To avoid relying on timing alone, two additional indicators are used: the peak envelope magnitude,

$$\begin{array}{}\text{(13)}& A_{ij}=\underset{t}{max}{e}_{ij}\left(t\right),\end{array}$$

and the envelope compactness measured by temporal kurtosis,

$$\begin{array}{}\text{(14)}& {\mathit{\kappa }}_{ij}={\displaystyle \frac{\mathbb{E}\left[{\left(e_{ij}\left(t\right)-{\stackrel{\mathrm{‾}}{e}}_{ij}\right)}^{\mathrm{4}}\right]}{{\left(\mathbb{E}\left[{\left(e_{ij}\left(t\right)-{\stackrel{\mathrm{‾}}{e}}_{ij}\right)}^{\mathrm{2}}\right]\right)}^{\mathrm{2}}+\mathit{\epsilon }}},\end{array}$$

where ${\stackrel{\mathrm{‾}}{e}}_{ij}=\mathbb{E}\left[e_{ij}\right(t\left)\right]$. Both A_ij and κ_ij are min–max normalised over the path set, yielding ${\stackrel{\mathrm{̃}}{A}}_{ij}$ and ${\stackrel{\mathrm{̃}}{\mathit{\kappa }}}_{ij}$.

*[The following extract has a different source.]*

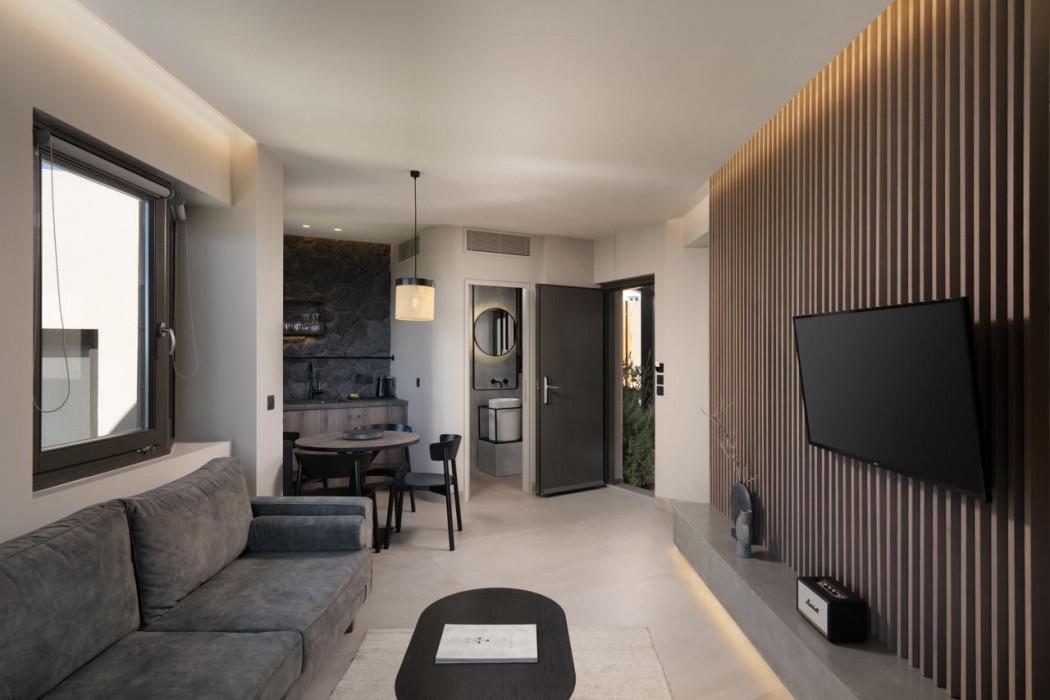 Apikia Santorini Suites - Adults Only 32/85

The raw reliability score is then defined multiplicatively as

$$\begin{array}{}\text{(15)}& r_{ij}={\mathit{\varphi }}_{\mathrm{tof}}^{\left(ij\right)}{\stackrel{\mathrm{̃}}{A}}_{ij}{\stackrel{\mathrm{̃}}{\mathit{\kappa }}}_{ij},\end{array}$$

and the final fusion weights are

$$\begin{array}{}\text{(16)}& w_{ij}={\displaystyle \frac{r_{ij}}{{\sum }_{(m,n)\in \mathcal{P}}{r}_{mn}+\mathit{\epsilon }}},\sum _{(i,j)\in \mathcal{P}}{w}_{ij}=\mathrm{1}.\end{array}$$

The reliability-weighted coarse image is therefore

$$\begin{array}{}\text{(17)}& I_{\mathrm{w}}\left(\mathit{x}\right)=\sum _{(i,j)\in \mathcal{P}}{w}_{ij}{\widehat{I}}_{ij}\left(\mathit{x}\right).\end{array}$$

Compared with uniform accumulation, Eq. (17) suppresses geometrically admissible but weak or inconsistent paths while retaining the complementarity of multi-path information.

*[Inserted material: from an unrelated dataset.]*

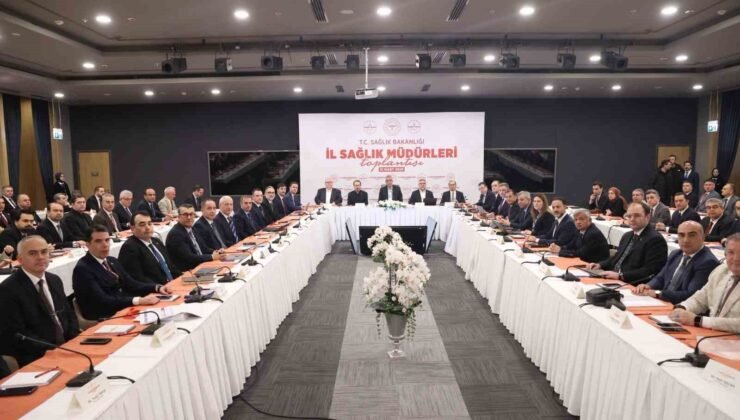 Eskişehir İl Sağlık Müdürü Bildirici, İstanbul’da toplantıya katıldı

Figure 3 Reliability-aware fusion: first-pass localisation, path quality indicators, normalised path weights, and weighted image formation.

2.5 Physics-guided lightweight enhancement network

Although reliability-aware fusion substantially improves the coarse image, residual artefacts may still remain because a sparse set of elliptical manifolds rarely intersects perfectly at a single pixel under realistic experimental uncertainty. A lightweight learning stage is therefore introduced, but its role is limited to refining the physically meaningful coarse image rather than performing end-to-end inversion from raw signals.

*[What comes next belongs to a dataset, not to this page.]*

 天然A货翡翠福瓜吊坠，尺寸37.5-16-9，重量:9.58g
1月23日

Let 𝒩_θ(⋅) denote the trainable encoder–decoder. Its output is

$$\begin{array}{}\text{(18)}& \widehat{I}\left(\mathit{x}\right)={\mathcal{N}}_{\mathit{\theta }}\left(I_{\mathrm{w}}\left(\mathit{x}\right),M_{\mathrm{p}}\left(\mathit{x}\right)\right),\end{array}$$

where M_p(x) is a reliability-aware soft physics prior:

$$\begin{array}{}\text{(19)}& M_{\mathrm{p}}\left(\mathit{x}\right)={\displaystyle \frac{\mathrm{1}}{{\sum }_{(i,j)\in \mathcal{P}}{w}_{ij}+\mathit{\epsilon }}}\sum _{(i,j)\in \mathcal{P}}{w}_{ij}\exp \left(-{\displaystyle \frac{{\left({\mathit{\tau }}_{ij}\left(\mathit{x}\right)-t_{ij}^{\ast }\right)}^{\mathrm{2}}}{\mathrm{2}{\mathit{\sigma }}_{\mathit{\tau }}^{\mathrm{2}}}}\right).\end{array}$$

This prior highlights regions that remain compatible with the measured arrival times of the more reliable paths while softly penalising delay-inconsistent regions. Unlike a hard binary intersection mask, it remains stable when one or two paths are degraded and is therefore better suited to sparse-path measurements.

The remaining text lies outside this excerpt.